Monday, October 6, 2014

Growing A Rock Garden

A sloped area in front of the house has been neglected for the past eleven years.  My usual stone walls did not seem appropriate for the location so nothing happened there.  I wanted something built using larger stones but had no idea of how to safely move small monsters to the site.  Age has brought me a little improvement in judgement and I realize that a back injury now might permanently end my stonework career.  Gemplers listed a simple cable with differing sized rings at each end.  The smaller ring will pass through the larger ring and then drop over the ball on a hitch.  My trusty red Ranger pulled this rock to the house with no problem.

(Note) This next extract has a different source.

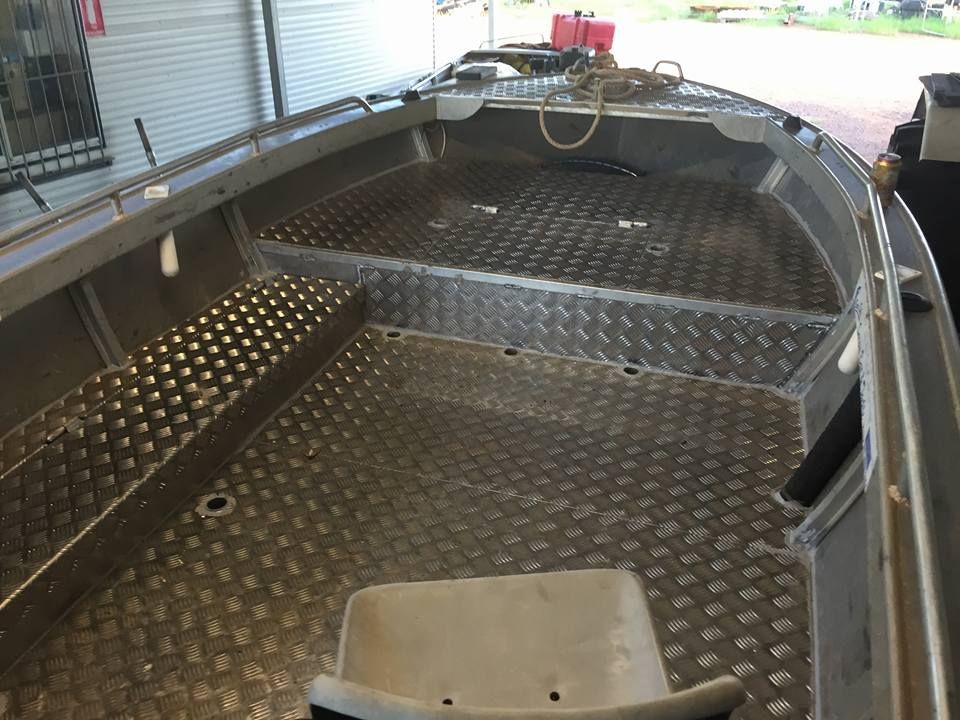 The Inside Of A Boat With A White Seat — Tinman's Welding Worx In Sarina, QLD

There are nearly enough rocks in this collection to build a rock garden.  The smaller ones were rolled into the dump cart pulled behind the lawn tractor.  The larger ones were pulled behind the truck.  All are gathered above the new garden.  A remaining challenge is to safely move the stones downhill to their final resting place.

These stones have been found in various locations around the property.  Many had been moved to field's edge years ago.  Some were a great distance from the closest possible approach with my machines.  Becky thought a plastic snow sled might be used to pull large stones across the forest floor.  She was right.  It takes some effort but the sled slides over fallen leaves with a reasonable amount of work from me.  Several irresistible stones still wait for their turn on the sled.

Five large stones have been placed to complete the first change in elevation.  Each was bedded in wet fine gravel.  Only wet sand can be packed firm and working these stones into the wet sand has them solidly anchored.  Small path stones were screened out of the soil here.  The stone path is intended to keep the pasture grass out of the planting bed.  We have found that the path will require weeding but if we stay with it the quack grass will not take over the garden.

This unusual rock was found along the edge of the back field.  Its formation remains a complete mystery to me.  The thin white lines may be calcite deposits but they were laid down in two different directions.  How could that have happened?  This stone is in the middle of the row of five.  When I need to walk across here, I always step over this stone.  The glacier left it intact to a degree but it looks fragile to me.

We would like to plant this area come Spring.  Much more sifting needs to be done to remove all of the small stones and weeds from the dirt.  Then compost will be added to make soil.  This is where I can be found tomorrow.


Donna@Gardens Eye View said...

Good luck with this challenging area...I love watching how you are completing this. And I understand how injuries can limit us as we age.

Indie said...

What an interesting rock! Rock moving is so challenging - that's how I injured my wrists this summer. Every time I moved rocks, my tendonitis would come back. I guess it's like someone said: garden smarter, not harder! Your rock garden will be awesome!